Quanto si è scritto e detto sul remake di Suspiria di Dario Argento? Molto, forse troppo. Finalmente arriva in anteprima alla Mostra la rivisitazione di Luca Guadagnino, ritenuto dai più uno dei registi di punta del cinema italiano, soprattutto in seguito alla consacrazione con Chiamami col tuo nome.
Una scelta non facile la sua, perché l’originale è diventato negli anni un vero e proprio cult e ha, a suo modo, cambiato le regole del genere horror con un’attenzione sempre più marcata all’aspetto formale e alle coreografiche sequenze di morte. Guadagnino sceglie volontariamente di discostarsene, di rendere più personale questa versione, operando una serie di cambiamenti non indifferenti.

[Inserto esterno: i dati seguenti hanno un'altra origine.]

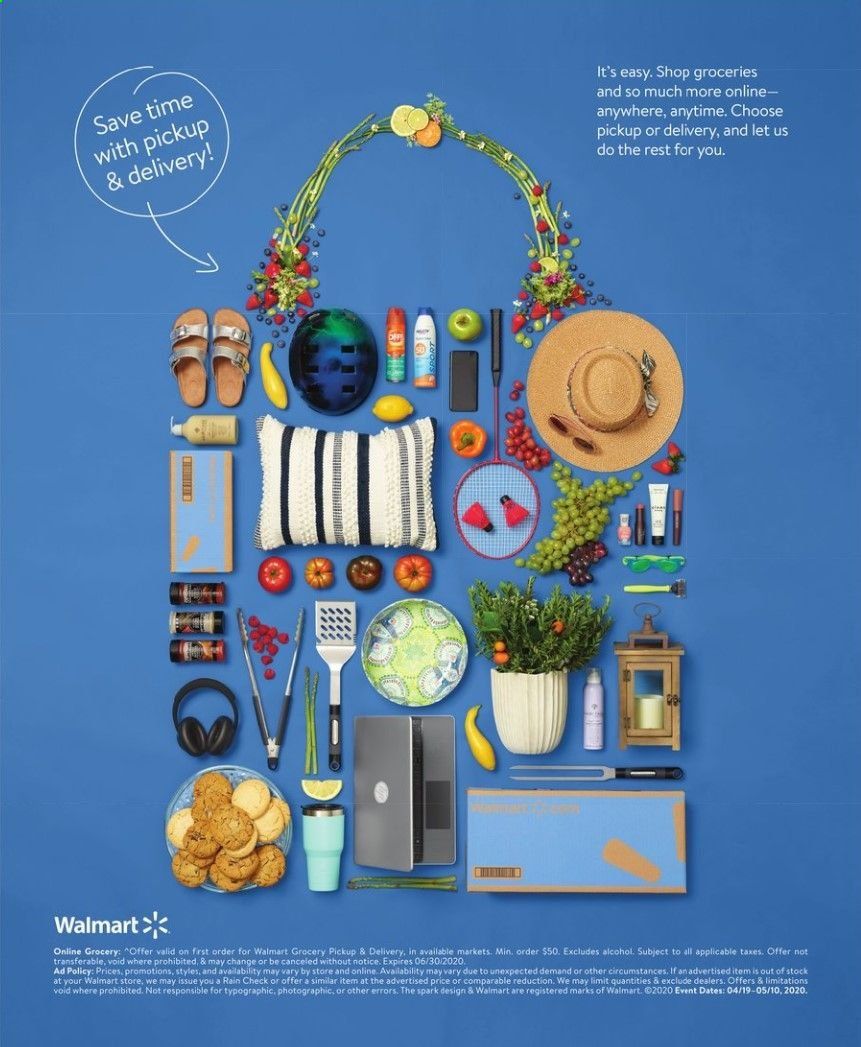 Walmart Weekly Ad & Flyer April 19 to May 10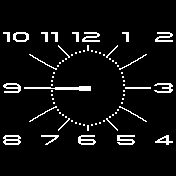 PsiORT_v3 Amazfit BIP watchface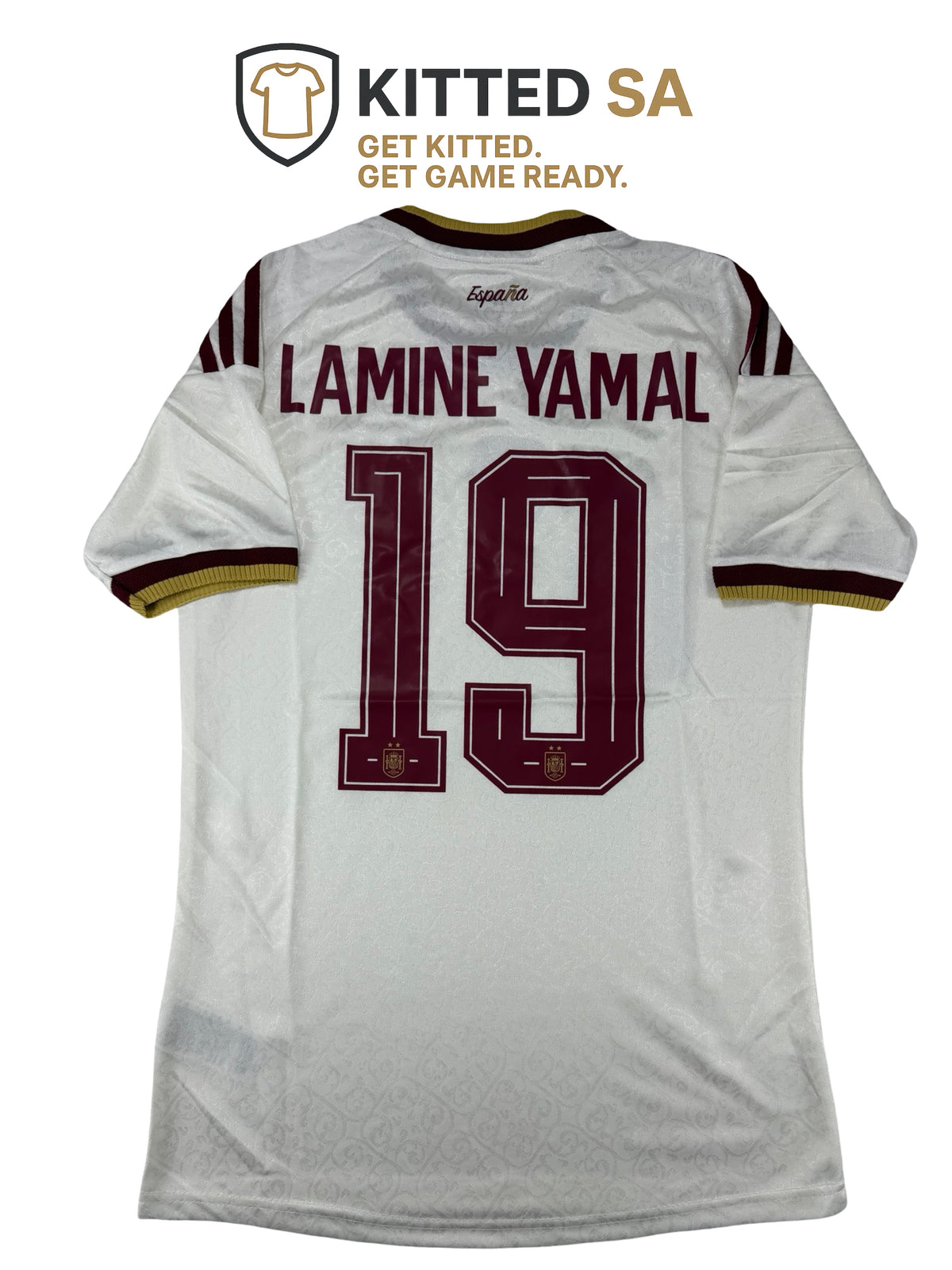Spain 2026 ★★ Yamal Away Player Edition Kit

Prima di tutto l’ambientazione, che si sposta da Friburgo a Berlino, con tanto di cornice storico-politica ad effetto (per la verità piuttosto appiccicata). Rispetto al film di Argento, il remake di Guadagnino mette subito le cose in chiaro, svelando la natura del collegio docente della scuola di danza e lavorando più sulla creazione dell’atmosfera che non sulla suspense. Infine, il regista di Io sono l’amore amplia il numero dei personaggi e la durata, suddivide la narrazione in 6 capitoli più un epilogo e si concentra sulle tematiche che hanno contraddistinto il suo modo di fare cinema.
Tutto positivo, sulla carta. Qualcuno vi dirà che il suo non vuole essere un horror (e allora perché intitolarlo Suspiria?); qualcuno apprezzerà le numerose sequenze visionarie, che però non hanno mai il coraggio di sbattere in faccia allo spettatore la vera violenza (non solo dell’originale ma del genere tout court); qualcuno ne apprezzerà il gusto cinefilo, con rimandi a Fassbinder e ad altri grandi autori. Spogliato di questi vezzi, Suspiria è semplicemente un film pretenzioso, sgangherato e irritante.
Le lunghe sequenze di danza, la presentazione dei personaggi e la sostanziale vacuità della prima ora sono un tratto distintivo di un regista che utilizza il cinema per mostrarsi (e non per mostrare). Più che in passato, talvolta riesce, almeno a livello stilistico, a creare momenti di qualità, ma sono irrilevanti all’interno di un caleidoscopio di immagini disconnesse, visioni vagamente trash e una generale confusione tra psicoanalisi, magia ed esoterismo.
Sicuramente il nuovo Suspiria è un film che pone al centro il ruolo della donna e che parla più di amore che di morte. Ma, in generale, prevale la sensazione della non necessità di questa operazione che, anche post visione, appare più di marketing che di reale omaggio. Recuperatevi il cult di Dario Argento.